By conducting an in-depth analysis of Amazon.com, we can identify the following trends:

  • With a Price to Earnings ratio of 32.84, which is 0.34x less than the industry average, the stock shows potential for growth at a reasonable price, making it an interesting consideration for market participants.

  • The elevated Price to Book ratio of 6.73 relative to the industry average by 1.27x suggests company might be overvalued based on its book value.

  • The stock's relatively high Price to Sales ratio of 3.63, surpassing the industry average by 1.61x, may indicate an aspect of overvaluation in terms of sales performance.

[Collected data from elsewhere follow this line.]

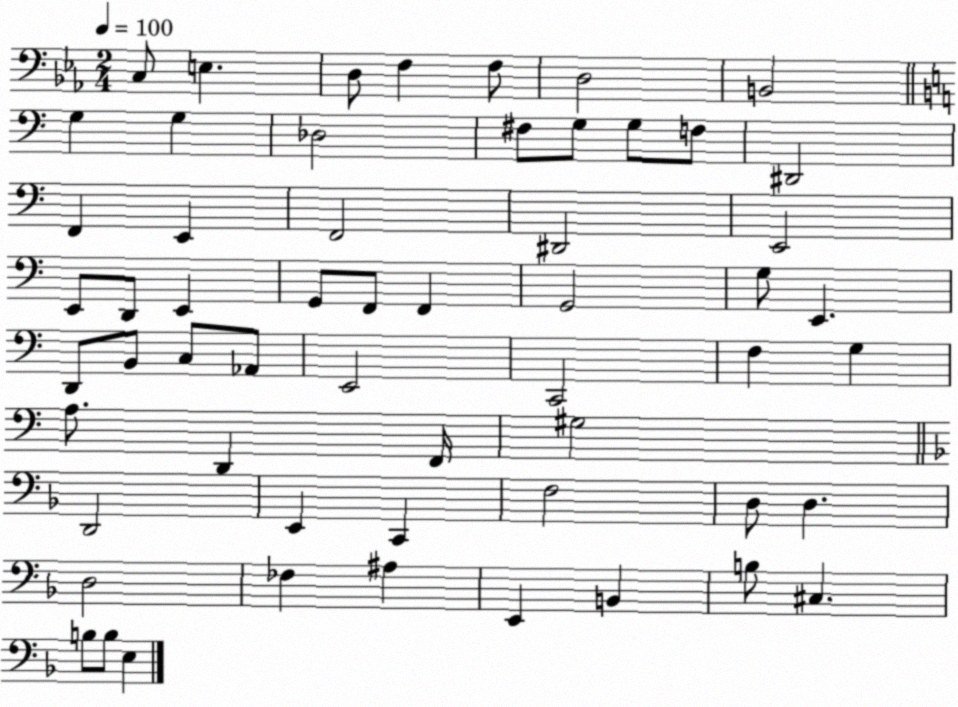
X:1
T:Untitled
M:2/4
L:1/4
K:Eb
C,/2 E, D,/2 F, F,/2 D,2 B,,2 G, G, _D,2 ^F,/2 G,/2 G,/2 F,/2 ^D,,2 F,, E,, F,,2 ^D,,2 E,,2 E,,/2 D,,/2 E,, G,,/2 F,,/2 F,, G,,2 G,/2 E,, D,,/2 B,,/2 C,/2 _A,,/2 E,,2 C,,2 F, G, A,/2 D,, F,,/4 ^G,2 D,,2 E,, C,, F,2 D,/2 D, D,2 _F, ^A, E,, B,, B,/2 ^C, B,/2 B,/2 E,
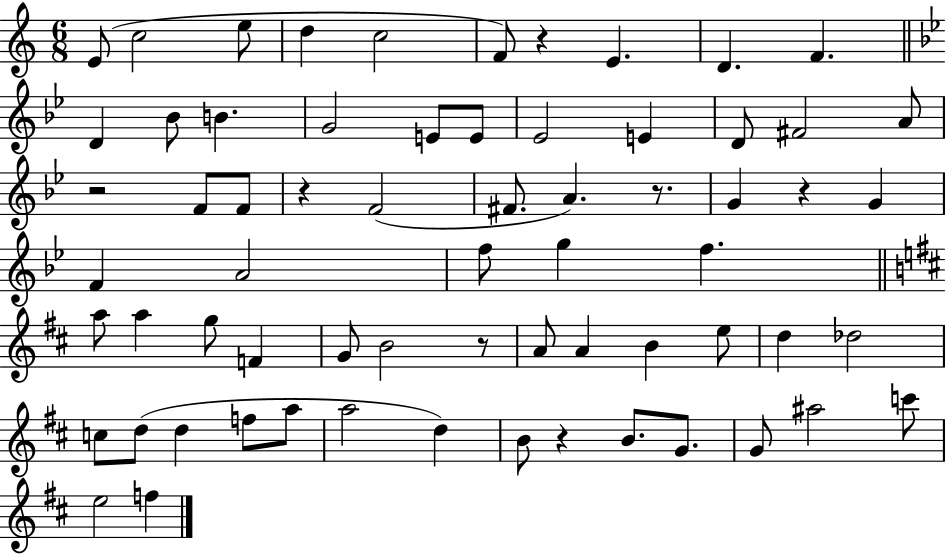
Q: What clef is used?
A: treble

  • The company has a higher Return on Equity (ROE) of 6.02%, which is 1.78% above the industry average. This suggests efficient use of equity to generate profits and demonstrates profitability and growth potential.

  • The company has higher Earnings Before Interest, Taxes, Depreciation, and Amortization (EBITDA) of $45.5 Billion, which is 10.46x above the industry average, indicating stronger profitability and robust cash flow generation.

  • With higher gross profit of $91.5 Billion, which indicates 5.93x above the industry average, the company demonstrates stronger profitability and higher earnings from its core operations.

  • With a revenue growth of 13.4%, which is much lower than the industry average of 14.41%, the company is experiencing a notable slowdown in sales expansion.

Debt To Equity Ratio

debt to equity

The debt-to-equity (D/E) ratio is a financial metric that helps determine the level of financial risk associated with a company's capital structure.

Considering the debt-to-equity ratio in industry comparisons allows for a concise evaluation of a company's financial health and risk profile, aiding in informed decision-making.

In light of the Debt-to-Equity ratio, a comparison between Amazon.com and its top 4 peers reveals the following information:

  • In terms of the debt-to-equity ratio, Amazon.com has a lower level of debt compared to its top 4 peers, indicating a stronger financial position.

  • This implies that the company relies less on debt financing and has a more favorable balance between debt and equity with a lower debt-to-equity ratio of 0.37.

Key Takeaways

For Amazon.com, the PE ratio is low compared to its peers in the Broadline Retail industry, indicating potential undervaluation. The high PB and PS ratios suggest that the market values Amazon.com's assets and sales highly. Amazon.com's high ROE, EBITDA, and gross profit reflect strong profitability and operational efficiency. However, the low revenue growth rate may indicate a slower expansion compared to industry peers.

This article was generated by Benzinga's automated content engine and reviewed by an editor.